* **What needs to be done**
Apart from the images, the records below need to be copied exactly.
┌─ Dataset entries
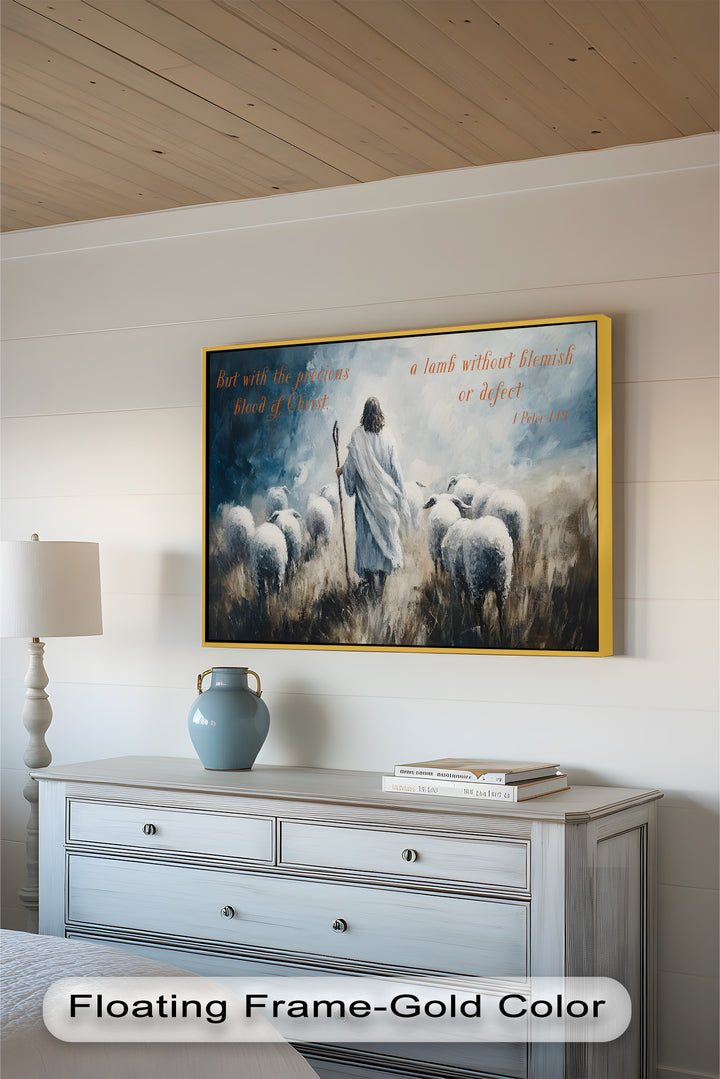 1. Petrus 1:19 – Das Lamm Gottes Bibelvers Ölgemälde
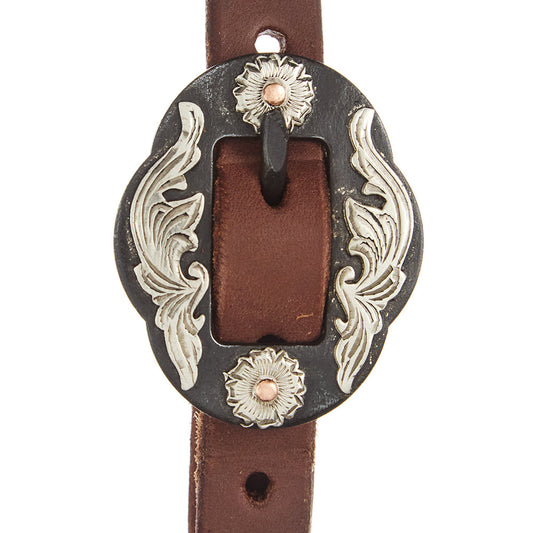 Heavy Oil Harness Leather Double Flower Buckle Single Ear Headstall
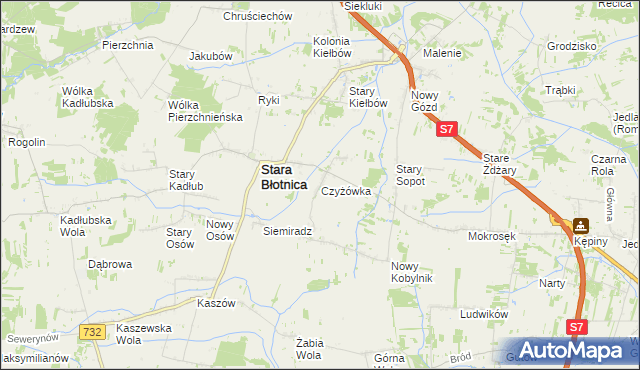 mapa Czyżówka gmina Stara Błotnica, Czyżówka gmina Stara Błotnica na mapie Targeo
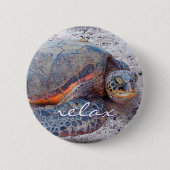 Hawaii Honu Sea Turtleフォトスクリプリラックストはっきりした 缶バッジ (正面)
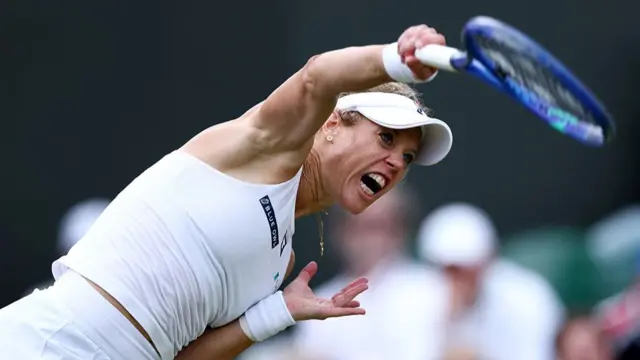 Laura Siegemund of Germany serves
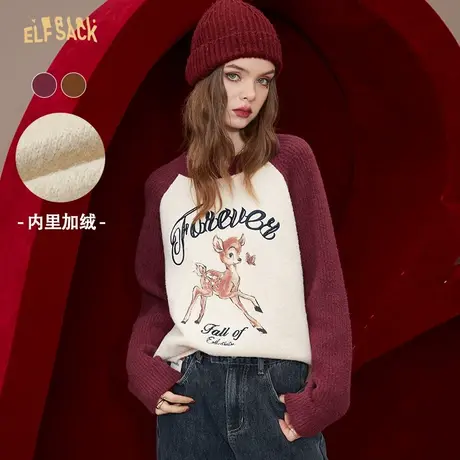 妖精的口袋小鹿插肩套头毛衣女2023秋冬季新款宽松内搭外穿软糯风商品大图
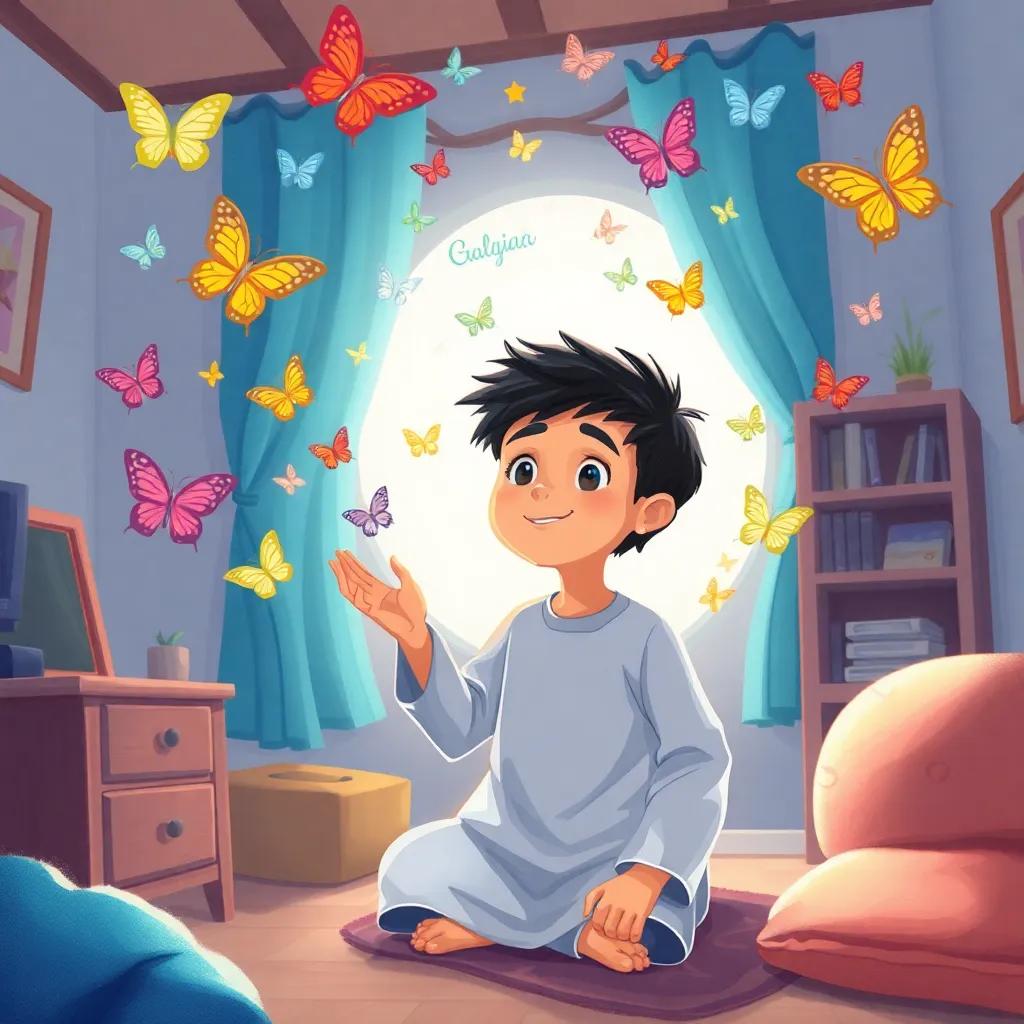 Ali, a young Middle Eastern boy, with short black hair, discovering magical words flying around him, colorful butterflies swirling in a cozy room, fantasy, imaginative atmosphere, child-friendly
└─
* **Response to the exercise**
 1. Petrus 1:19 – Das Lamm Gottes Bibelvers Ölgemälde
 Heavy Oil Harness Leather Double Flower Buckle Single Ear Headstall
 mapa Czyżówka gmina Stara Błotnica, Czyżówka gmina Stara Błotnica na mapie Targeo
 Hawaii Honu Sea Turtleフォトスクリプリラックストはっきりした 缶バッジ (正面)
 Laura Siegemund of Germany serves
 妖精的口袋小鹿插肩套头毛衣女2023秋冬季新款宽松内搭外穿软糯风商品大图
 Ali, a young Middle Eastern boy, with short black hair, discovering magical words flying around him, colorful butterflies swirling in a cozy room, fantasy, imaginative atmosphere, child-friendly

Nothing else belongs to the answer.